The Metropolitan Transportation Authority is on pace to set a grim new mark. If the current trend holds, more people will die along the rail and subway authority’s thousands of miles of tracks in 2013 than in any year going back to at least 2008. The number of people fatally hit by New York City subway, Long Island Railroad, and Metro North trains reached 65 at the end of August, putting the system on pace for a total of 98 fatalities by the end of the year.
Statistics supplied by the MTA to Daily Intelligencer show that the majority of those deaths are suicides — a change from last year. Through August, 40 people intentionally put themselves in front of MTA trains, surpassing in eight months the 2012 tally of 36 suicides system-wide. A total of 84 people died on the tracks in 2012, making it the deadliest full year in the last five. But most of those deaths were accidents.
The authority does not agree that the recent uptick in fatalities represents a meaningful development. “So far, this year seems to be falling within the range of normal year-to-year variability. I would hesitate to call it a trend,” MTA spokesman Aaron Donovan wrote in an e-mail.
One possibility is that the increase has been driven by intense media attention given to two incidents late last year in which people were pushed onto subway tracks and died. The New York Post splashed a dramatic photo of one victim seconds before death across its front page. A 2008 Columbia study found decreasing media coverage was an effective way to bring down the number of subway suicides. If the reverse is also true, then a barrage of coverage might spur them.
The MTA only began keeping comprehensive statistics on suicides in 2010. Authority investigators examine deaths on commuter rail tracks and the NYPD does the same for subway fatalities, but some cases remain permanently unresolved. As one forensic pathologist explained, retrospectively determining the intentions of a person who was hit by a train is an imprecise science.
“Often, the [subway] motorman might not even be aware they’ve hit someone. Sometimes the train will just stop. The brakes will turn on, they’ll find a body; they won’t know what happened. Those cases can be difficult to sort out because it’s just a dead body on the tracks,” said Dr. Peter T. Lin, who studied such incidents through 2007. “The general tendency is that if someone is intoxicated with alcohol or cocaine, it’s generally an accident. If they have a history of depression it’s generally a suicide.”
“For people riding aboard trains, rail travel is as safe as transportation gets,” Donovan said. But despite many safety measures, the MTA can’t prevent a determined trespasser from making his or her way onto the tracks.
The LIRR has recently made an effort to fence off dangerous trespassing spots. And the MTA is in the process of installing help-point intercoms at subway stations that will allow passengers to alert train controllers of an emergency. But other solutions, such as barriers along platform edges, have proved too costly for the system.
Earlier this year, the union representing the subway’s motormen urged its members to slow down before they rolled into stations.
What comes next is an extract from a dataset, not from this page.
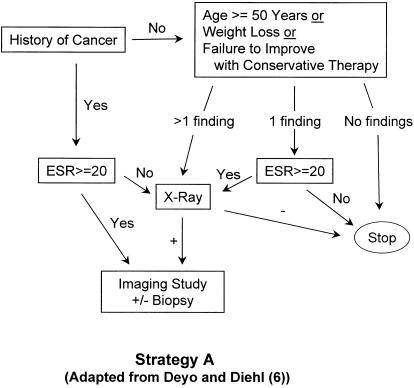 FIGURE 1(A)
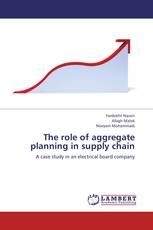 The role of aggregate planning in supply chain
They touted the move as a safety measure to avoid hitting people on the tracks. But to the MTA it looked suspiciously like a work stoppage, and the authority didn’t endorse the move.
The track deaths often have dramatic consequences for the men and women driving MTA trains. When an LIRR engineer sees a collision is imminent, he or she throws the train into a setting called “emergency” — essentially a full-service application of the brakes, said Michael Quinn, the general chairman for the Brotherhood of Locomotive Engineers and Trainmen division 269, which represents LIRR engineers. But apart from blowing the horn, there’s not much else the engineer can do after the train is in the emergency setting. To avoid witnessing the carnage, many get out of the driver’s seat and even the driver’s compartment.
“It can be an instinct. It depends on the individual. I know it was mine,” Quinn said of the time twenty years ago when he did an emergency stop to avoid hitting a group of kids on the track. “Once it’s in emergency, the brakes are applied and there’s nothing you can do. You sound the horn and then try to get out of the way.”
Quinn’s train stopped in time to avoid hitting anybody. But he said, “I remember it like it was yesterday.”
And for the many engineers who aren’t so fortunate as to avoid a fatality, that memory comes back every time they pass the spot where it happened. “That’s why we’re the forgotten victims,” Quinn said. “It stays with us.”